The Rating Outlook is Stable.

Sale information: $120,000,000 general obligation improvement and various purpose bonds, series 2016, to sell competitively on the morning of October 5. Purpose: To finance costs related to various capital improvements to city infrastructure including streets and bridges. Final Maturity: Dec. 1, 2026.


The bonds are general obligations of the city, backed by the city's full faith and credit and unlimited ad valorem taxing power. To pay debt service, the city is obligated to levy a tax without limit as to rate or amount on all taxable property within the city.

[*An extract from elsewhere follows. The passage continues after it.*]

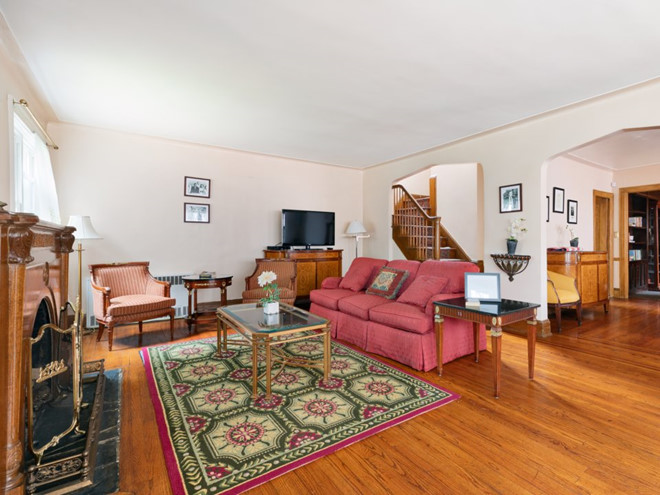 Co gi o ngoi nha tho au duoc ban dau gia cua ong Trump? hinh anh 5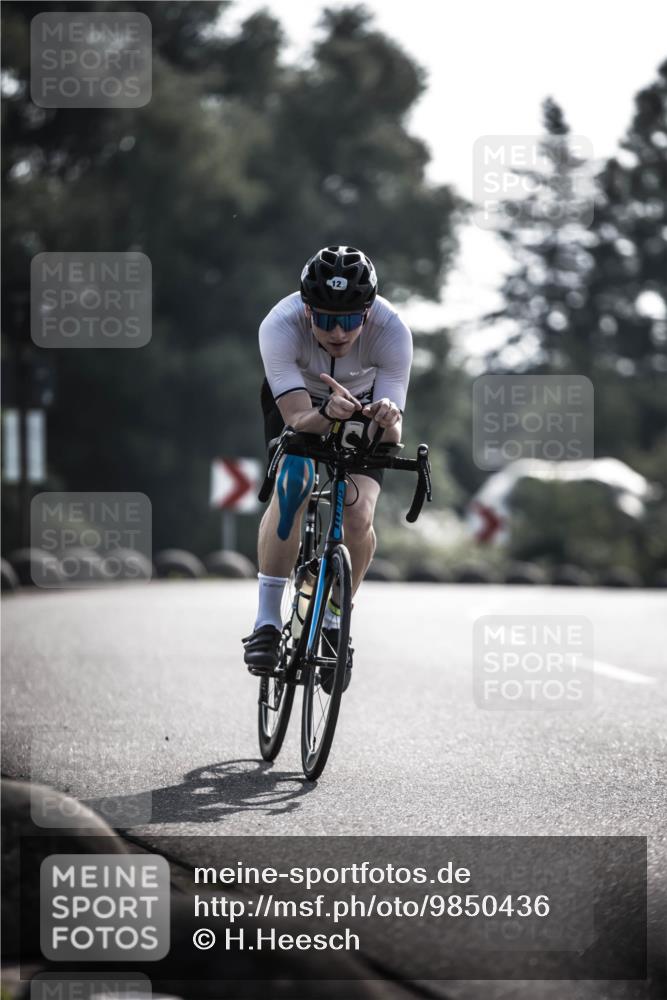21.06.2026 - 29. Vierlanden-Triathlon H.Heesch http://msf.ph/oto/9850436 21.06.2026 08:47:24 Radfahren 12 meine-sportfotos.de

Affirmation of the city's 'AAA' IDR and GO ratings reflects the city's favorable revenue growth prospects, broad revenue-raising powers, and superior budgetary flexibility. Debt and retiree benefit liabilities are low relative to the city's economic resource base, which Fitch believes will continue to expand rapidly given Minnesota's healthy economy and favorable location adjoining the state capital. A track record of conservative budget practices is likely to continue. The city has sufficient budgetary flexibility to offset revenue declines in an average downturn with only limited service cuts and reserve reductions.

Economic Resource Base

Minneapolis is the largest city in the state of Minnesota, with a 2015 population of 410,939. Along with its sister city of St. Paul, Minneapolis forms the core for the second-largest economic center in the U. S. Midwest, after Chicago. The city's broad and diverse economic base benefits from the presence of major employers in the relatively stable healthcare, higher education and state & county government sectors, which exhibit less volatile employment patterns. Minneapolis also has a sizable retail and financial presence, being home to Ameriprise Financial, US Bancorp and Target Corporation. Wells Fargo Bank also has a significant presence in the city.

Revenue Framework: 'aaa' factor assessment

Historical revenue growth has generally kept pace with U. S. GDP. Fitch expects this will continue to be the case given the city's growing population, low unemployment and vibrant and diverse economy. The city's independent legal ability to raise revenues is presently strong, although Fitch notes that the state has enacted temporary tax levy caps in the past.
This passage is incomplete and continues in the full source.